* **Work order**: Every line below from the one containing "The Directorate of" through the one containing "Looking for the" is to be printed exactly, with the pictures omitted.

* **Data for this task**:

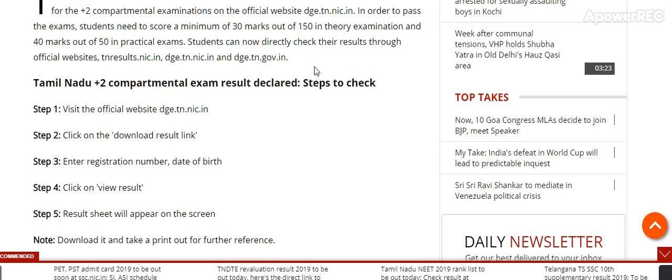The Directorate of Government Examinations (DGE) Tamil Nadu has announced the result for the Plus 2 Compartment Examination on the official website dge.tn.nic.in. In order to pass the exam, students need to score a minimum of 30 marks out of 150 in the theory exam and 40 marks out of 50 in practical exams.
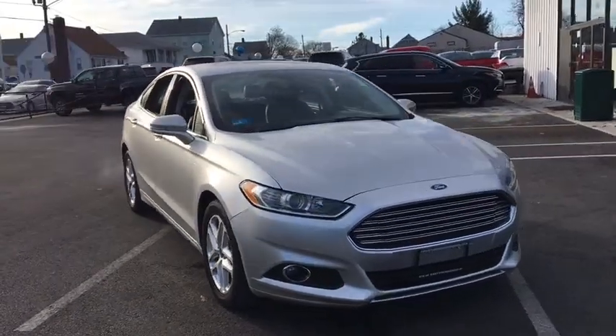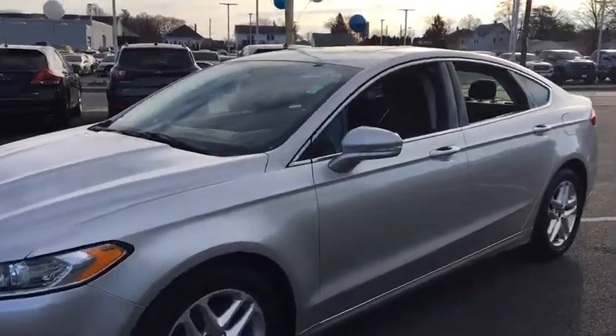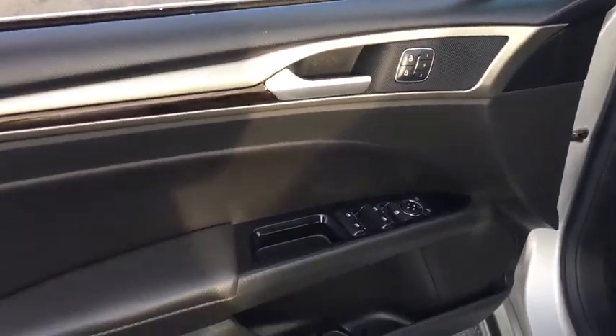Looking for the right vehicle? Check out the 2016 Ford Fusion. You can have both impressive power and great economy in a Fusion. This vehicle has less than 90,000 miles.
==
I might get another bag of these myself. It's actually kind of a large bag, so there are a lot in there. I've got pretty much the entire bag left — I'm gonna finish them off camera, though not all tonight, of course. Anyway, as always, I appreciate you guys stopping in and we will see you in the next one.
--
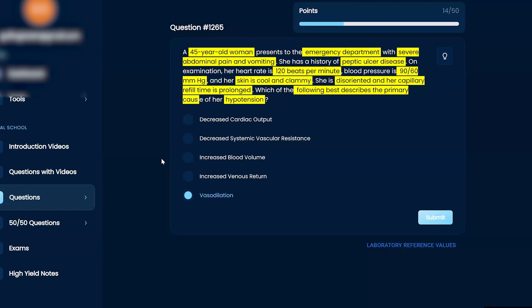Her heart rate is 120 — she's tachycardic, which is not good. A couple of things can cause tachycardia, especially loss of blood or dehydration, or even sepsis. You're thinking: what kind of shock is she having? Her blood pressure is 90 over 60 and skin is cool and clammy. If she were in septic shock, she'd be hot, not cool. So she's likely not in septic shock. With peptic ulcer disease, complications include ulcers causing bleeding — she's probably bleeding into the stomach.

* **Solution**:
The Directorate of Government Examinations (DGE) Tamil Nadu has announced the result for the Plus 2 Compartment Examination on the official website dge.tn.nic.in. In order to pass the exam, students need to score a minimum of 30 marks out of 150 in the theory exam and 40 marks out of 50 in practical exams.
Looking for the right vehicle? Check out the 2016 Ford Fusion. You can have both impressive power and great economy in a Fusion. This vehicle has less than 90,000 miles.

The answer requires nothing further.